Task
Copy only the lines between the one containing "Moncler Men &" and the end of the records, both included, leaving out pictures.

Record set

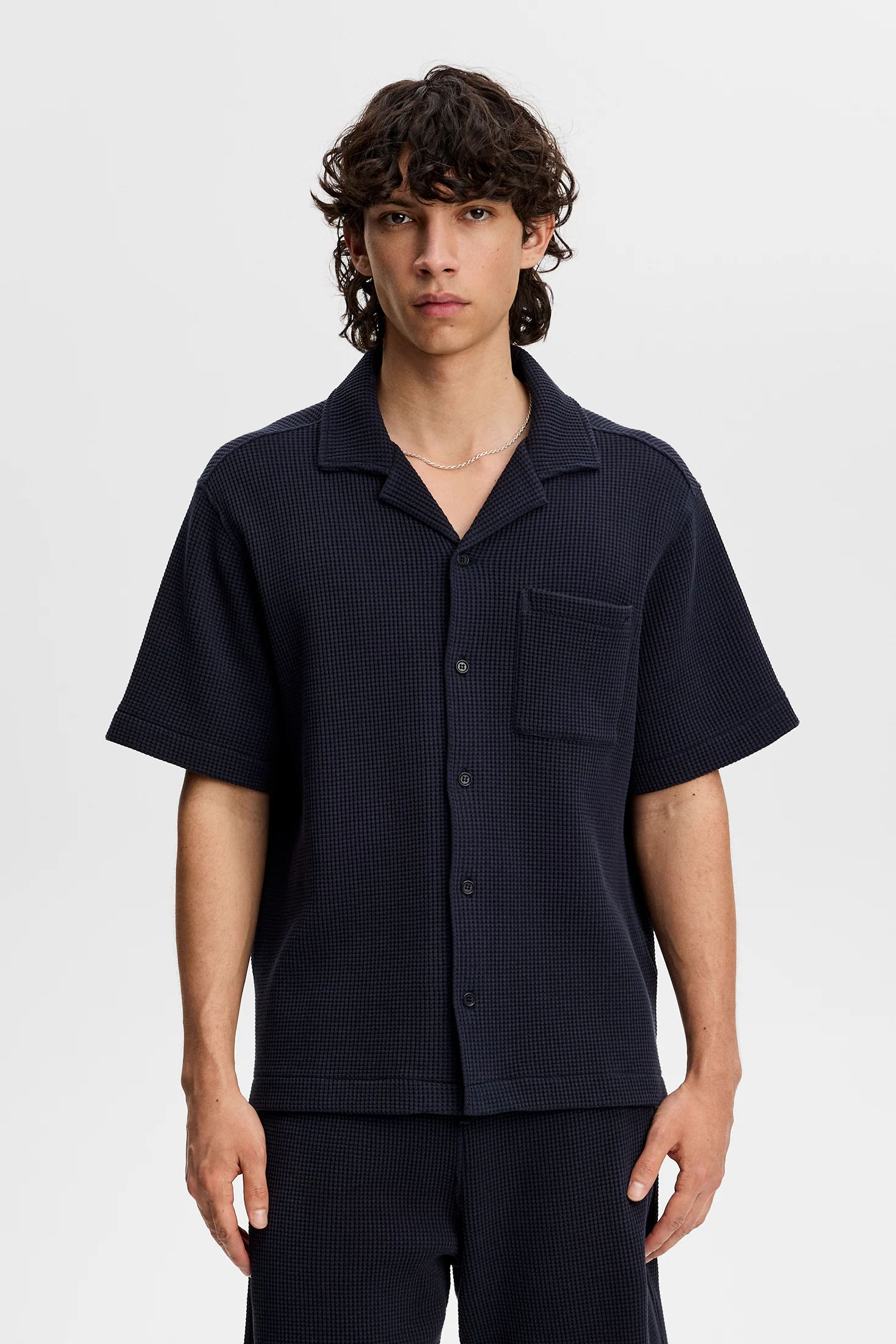 Theron Waffle Shirt / JL Navy - Image 2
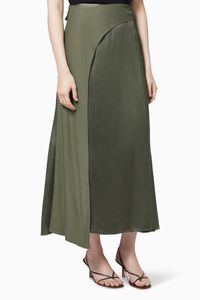 Axial Bias Midi Skirt in Satin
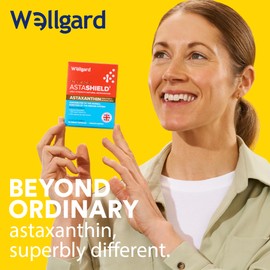 Wellgard Vegan 8mg Astaxanthin Supplement - Natural Astaxanthin, Not Synthetic, High-Strength Astaxanthin with Vitamin D3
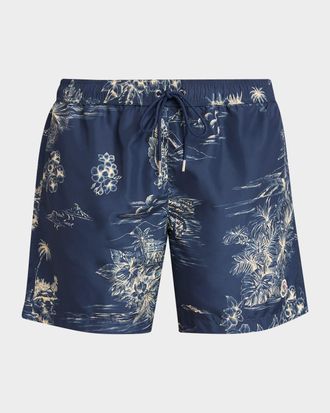 Moncler Men & apos;s Tropical Print Swim Shorts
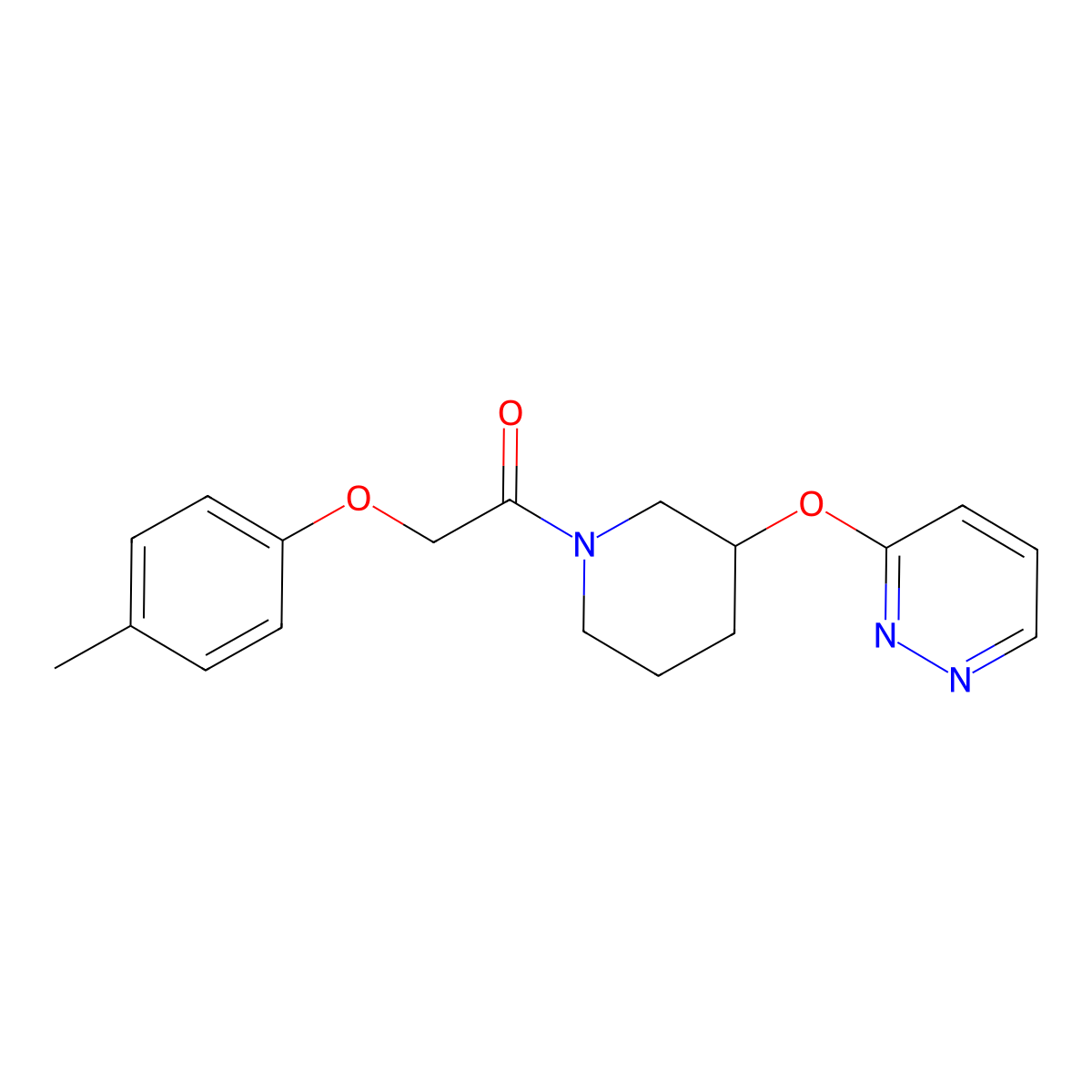 2-(4-Methylphenoxy)-1-[3-(pyridazin-3-yloxy)piperidin-1-yl]ethan-1-one molecular structure, CAS 2034480-29-8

Response to this task
 Moncler Men & apos;s Tropical Print Swim Shorts
 2-(4-Methylphenoxy)-1-[3-(pyridazin-3-yloxy)piperidin-1-yl]ethan-1-one molecular structure, CAS 2034480-29-8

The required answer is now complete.